The Supreme Court on Tuesday refused to stay the 8 November government notification demonetising Rs500 and Rs1,000 currency notes, but asked the government at the centre to take immediate measures to alleviate the week-long sufferings of the common man who is "forced" to stand in long queues to withdraw his own hard-earned money.
The apex court observed that while the objective of demonetisation may be a "surgical strike" on black money, it should not cause hardship to the common man.
A bench comprising Chief Justice TS Thakur and Justice DY Chandrachud also asked the centre to hike the withdrawal limit so that people's sufferings are reduced that much.
"Tell us, instead of forcing citizens to stand in queues for his own money... and it is traumatic for people to stand in lines for hours doing nothing, why can't you raise their cash withdrawal limit to a reasonable limit?" the bench asked the centre.

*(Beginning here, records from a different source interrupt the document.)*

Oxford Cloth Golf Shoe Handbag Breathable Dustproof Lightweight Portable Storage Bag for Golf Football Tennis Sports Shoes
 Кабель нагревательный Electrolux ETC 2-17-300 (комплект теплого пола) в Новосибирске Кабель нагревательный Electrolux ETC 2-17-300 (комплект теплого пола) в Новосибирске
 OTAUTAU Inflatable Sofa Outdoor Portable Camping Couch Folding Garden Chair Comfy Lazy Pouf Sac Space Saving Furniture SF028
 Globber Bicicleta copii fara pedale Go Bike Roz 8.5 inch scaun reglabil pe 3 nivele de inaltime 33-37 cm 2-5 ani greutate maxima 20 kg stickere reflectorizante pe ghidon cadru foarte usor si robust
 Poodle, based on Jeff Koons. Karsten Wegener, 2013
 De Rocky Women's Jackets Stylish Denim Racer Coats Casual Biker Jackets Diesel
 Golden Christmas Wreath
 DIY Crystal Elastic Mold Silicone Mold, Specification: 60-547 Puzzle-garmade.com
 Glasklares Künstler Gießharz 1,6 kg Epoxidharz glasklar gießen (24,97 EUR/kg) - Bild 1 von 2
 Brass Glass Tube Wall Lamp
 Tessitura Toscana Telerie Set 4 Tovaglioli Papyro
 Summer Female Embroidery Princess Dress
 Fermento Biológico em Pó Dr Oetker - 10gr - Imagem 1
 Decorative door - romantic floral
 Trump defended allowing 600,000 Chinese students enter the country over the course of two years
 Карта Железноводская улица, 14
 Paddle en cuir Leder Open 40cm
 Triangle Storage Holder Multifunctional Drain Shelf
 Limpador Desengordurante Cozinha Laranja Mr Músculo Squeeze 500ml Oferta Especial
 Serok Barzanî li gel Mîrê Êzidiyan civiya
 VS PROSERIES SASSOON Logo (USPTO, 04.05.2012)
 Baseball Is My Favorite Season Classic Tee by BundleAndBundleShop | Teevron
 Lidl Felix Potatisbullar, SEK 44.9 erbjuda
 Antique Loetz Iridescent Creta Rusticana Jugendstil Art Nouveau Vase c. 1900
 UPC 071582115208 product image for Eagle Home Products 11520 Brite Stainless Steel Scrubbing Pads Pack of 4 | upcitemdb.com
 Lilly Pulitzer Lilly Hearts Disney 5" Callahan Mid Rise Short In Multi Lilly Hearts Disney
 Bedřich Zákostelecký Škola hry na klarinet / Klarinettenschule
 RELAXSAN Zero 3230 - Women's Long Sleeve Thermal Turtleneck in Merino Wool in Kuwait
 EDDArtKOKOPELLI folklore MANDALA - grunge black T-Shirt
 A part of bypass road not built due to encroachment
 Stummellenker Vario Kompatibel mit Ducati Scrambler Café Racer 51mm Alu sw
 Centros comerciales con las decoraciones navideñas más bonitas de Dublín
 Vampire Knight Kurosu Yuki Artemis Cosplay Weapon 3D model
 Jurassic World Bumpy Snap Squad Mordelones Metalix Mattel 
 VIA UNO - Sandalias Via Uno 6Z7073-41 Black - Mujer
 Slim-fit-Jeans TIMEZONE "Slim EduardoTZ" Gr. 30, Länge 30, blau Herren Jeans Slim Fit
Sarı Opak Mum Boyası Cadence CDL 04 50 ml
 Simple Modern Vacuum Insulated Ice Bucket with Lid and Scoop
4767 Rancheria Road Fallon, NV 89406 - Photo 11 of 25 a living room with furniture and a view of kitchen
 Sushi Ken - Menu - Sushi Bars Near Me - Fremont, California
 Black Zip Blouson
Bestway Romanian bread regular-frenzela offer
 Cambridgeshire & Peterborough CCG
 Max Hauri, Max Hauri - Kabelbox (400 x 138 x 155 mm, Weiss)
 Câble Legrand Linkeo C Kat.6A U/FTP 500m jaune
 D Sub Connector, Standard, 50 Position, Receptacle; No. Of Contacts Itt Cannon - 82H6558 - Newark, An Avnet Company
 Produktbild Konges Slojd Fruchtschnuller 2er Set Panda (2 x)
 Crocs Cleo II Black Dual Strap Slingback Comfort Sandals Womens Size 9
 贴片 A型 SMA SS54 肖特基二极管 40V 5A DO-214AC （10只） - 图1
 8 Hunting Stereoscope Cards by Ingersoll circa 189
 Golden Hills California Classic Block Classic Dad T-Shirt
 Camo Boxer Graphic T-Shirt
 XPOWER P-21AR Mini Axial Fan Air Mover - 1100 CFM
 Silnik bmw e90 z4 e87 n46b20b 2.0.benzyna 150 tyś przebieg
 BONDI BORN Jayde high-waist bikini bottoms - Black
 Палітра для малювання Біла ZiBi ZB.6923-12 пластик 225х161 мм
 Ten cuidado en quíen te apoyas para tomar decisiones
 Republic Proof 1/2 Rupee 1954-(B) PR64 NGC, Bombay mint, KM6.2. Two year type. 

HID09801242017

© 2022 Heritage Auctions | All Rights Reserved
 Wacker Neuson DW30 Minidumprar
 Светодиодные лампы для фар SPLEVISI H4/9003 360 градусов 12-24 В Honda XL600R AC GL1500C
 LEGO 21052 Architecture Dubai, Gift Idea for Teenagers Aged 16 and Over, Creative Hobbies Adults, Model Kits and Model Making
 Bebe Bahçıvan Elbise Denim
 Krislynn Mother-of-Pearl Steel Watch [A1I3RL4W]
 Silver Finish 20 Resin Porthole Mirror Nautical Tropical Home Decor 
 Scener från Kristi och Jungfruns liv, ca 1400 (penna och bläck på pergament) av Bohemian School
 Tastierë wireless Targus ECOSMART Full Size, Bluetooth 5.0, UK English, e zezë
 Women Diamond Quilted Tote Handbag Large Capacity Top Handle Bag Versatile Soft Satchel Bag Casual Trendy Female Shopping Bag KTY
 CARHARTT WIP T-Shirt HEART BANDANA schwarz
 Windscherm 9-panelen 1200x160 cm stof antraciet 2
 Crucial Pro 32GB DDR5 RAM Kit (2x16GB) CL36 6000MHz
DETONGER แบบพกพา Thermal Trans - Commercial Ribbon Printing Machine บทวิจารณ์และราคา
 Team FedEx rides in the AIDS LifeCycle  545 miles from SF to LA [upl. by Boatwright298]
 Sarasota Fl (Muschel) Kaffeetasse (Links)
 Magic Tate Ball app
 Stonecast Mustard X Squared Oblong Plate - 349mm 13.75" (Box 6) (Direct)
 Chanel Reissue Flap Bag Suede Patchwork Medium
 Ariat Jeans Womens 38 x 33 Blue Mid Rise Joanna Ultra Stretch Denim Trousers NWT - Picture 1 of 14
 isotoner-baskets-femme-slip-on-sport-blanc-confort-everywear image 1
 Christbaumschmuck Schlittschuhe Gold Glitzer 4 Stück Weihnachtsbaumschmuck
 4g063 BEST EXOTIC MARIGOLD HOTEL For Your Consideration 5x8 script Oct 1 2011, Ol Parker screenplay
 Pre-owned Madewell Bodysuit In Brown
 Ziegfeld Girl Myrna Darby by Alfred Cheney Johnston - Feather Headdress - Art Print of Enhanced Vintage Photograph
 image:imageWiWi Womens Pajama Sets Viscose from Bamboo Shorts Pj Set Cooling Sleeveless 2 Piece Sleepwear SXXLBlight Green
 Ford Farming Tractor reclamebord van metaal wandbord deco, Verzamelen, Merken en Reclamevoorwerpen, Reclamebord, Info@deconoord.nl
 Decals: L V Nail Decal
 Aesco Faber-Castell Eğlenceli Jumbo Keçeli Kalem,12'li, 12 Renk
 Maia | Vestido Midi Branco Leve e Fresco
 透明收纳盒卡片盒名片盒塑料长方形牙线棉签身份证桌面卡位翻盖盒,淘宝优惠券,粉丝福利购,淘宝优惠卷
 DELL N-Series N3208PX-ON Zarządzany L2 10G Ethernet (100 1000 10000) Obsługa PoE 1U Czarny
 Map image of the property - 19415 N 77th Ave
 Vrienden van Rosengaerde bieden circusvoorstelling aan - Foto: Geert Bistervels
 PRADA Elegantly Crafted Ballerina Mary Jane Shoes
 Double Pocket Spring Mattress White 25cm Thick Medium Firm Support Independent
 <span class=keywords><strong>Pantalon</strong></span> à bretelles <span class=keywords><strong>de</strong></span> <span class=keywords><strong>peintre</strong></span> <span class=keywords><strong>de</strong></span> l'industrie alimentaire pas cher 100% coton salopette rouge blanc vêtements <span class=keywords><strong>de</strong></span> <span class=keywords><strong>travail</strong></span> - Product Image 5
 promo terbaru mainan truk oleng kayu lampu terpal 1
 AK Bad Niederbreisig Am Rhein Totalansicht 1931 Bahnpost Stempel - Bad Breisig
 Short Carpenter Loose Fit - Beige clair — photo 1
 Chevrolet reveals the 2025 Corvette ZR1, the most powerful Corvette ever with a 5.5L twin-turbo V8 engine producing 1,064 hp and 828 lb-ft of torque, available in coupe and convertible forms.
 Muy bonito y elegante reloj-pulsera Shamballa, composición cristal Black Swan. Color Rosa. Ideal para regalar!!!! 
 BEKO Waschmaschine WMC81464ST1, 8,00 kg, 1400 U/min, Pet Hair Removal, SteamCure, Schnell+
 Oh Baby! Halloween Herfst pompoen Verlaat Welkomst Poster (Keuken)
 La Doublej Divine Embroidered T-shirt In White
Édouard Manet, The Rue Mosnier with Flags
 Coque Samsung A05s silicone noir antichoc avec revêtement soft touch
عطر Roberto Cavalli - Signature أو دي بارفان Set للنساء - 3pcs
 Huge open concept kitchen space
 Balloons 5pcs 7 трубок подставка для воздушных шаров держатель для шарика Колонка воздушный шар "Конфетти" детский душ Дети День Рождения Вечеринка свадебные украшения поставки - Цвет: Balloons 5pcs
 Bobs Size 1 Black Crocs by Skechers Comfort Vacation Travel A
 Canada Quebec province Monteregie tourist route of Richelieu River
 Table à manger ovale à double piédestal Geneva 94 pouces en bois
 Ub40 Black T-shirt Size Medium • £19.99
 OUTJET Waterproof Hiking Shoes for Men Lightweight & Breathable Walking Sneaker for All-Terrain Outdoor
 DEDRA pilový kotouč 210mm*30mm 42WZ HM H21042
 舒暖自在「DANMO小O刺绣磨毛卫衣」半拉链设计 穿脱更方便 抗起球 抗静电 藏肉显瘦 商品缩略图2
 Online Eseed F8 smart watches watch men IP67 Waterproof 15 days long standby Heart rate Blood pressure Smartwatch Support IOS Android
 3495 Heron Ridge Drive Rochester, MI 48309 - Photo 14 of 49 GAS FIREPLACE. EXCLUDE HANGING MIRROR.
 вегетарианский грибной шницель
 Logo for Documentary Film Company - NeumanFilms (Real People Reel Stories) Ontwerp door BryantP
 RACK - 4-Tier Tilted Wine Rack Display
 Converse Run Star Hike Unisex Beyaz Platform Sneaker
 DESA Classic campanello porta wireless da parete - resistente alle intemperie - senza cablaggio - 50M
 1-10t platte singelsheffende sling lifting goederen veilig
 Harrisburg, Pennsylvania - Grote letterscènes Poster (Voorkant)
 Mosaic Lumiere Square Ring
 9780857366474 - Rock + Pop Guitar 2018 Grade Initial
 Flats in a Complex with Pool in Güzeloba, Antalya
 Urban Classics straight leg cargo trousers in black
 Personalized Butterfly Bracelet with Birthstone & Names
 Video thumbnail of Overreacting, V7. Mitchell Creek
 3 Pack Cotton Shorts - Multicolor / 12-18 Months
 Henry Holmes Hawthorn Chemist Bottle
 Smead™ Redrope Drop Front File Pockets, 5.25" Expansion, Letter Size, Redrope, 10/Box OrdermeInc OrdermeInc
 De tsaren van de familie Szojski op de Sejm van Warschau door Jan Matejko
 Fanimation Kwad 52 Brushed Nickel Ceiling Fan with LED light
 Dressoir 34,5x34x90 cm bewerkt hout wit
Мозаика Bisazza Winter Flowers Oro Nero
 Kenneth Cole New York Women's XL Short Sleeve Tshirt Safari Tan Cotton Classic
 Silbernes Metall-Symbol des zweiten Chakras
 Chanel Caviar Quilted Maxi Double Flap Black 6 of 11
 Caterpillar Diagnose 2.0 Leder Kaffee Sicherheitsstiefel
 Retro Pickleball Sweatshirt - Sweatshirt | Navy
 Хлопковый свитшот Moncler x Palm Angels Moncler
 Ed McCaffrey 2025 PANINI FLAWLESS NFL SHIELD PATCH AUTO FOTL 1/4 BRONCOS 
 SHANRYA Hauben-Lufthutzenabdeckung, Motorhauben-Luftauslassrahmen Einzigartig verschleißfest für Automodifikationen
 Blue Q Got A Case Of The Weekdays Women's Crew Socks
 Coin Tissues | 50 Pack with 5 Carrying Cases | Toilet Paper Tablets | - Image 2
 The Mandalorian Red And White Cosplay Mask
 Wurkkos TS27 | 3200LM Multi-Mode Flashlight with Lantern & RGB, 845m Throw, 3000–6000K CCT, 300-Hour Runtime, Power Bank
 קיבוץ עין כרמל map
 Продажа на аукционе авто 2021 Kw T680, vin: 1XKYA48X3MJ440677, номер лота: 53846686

The Supreme Court, while refusing to stay the government order demonitising the high-denomination currency notes, said it does not want to interfere with the government's economic policy.
Chief Justice Thakur, however, said while the objective of demonetisation may be a "surgical strike" on black money, it should not cause hardship to the common man.
Senior advocate Kapil Sibal, appearing for one of the four petitioners, said the so-called surgical strike on black money is actually a "carpet-bombing of the common man."
"Carpenters, masons, daily wage earners, maids vegetable sellers are dependent on cash; we are only wondering if you are capable of doing anything to reduce the trauma of ordinary man?" Chief Justice Thakur asked Attorney General Mukul Rohatgi.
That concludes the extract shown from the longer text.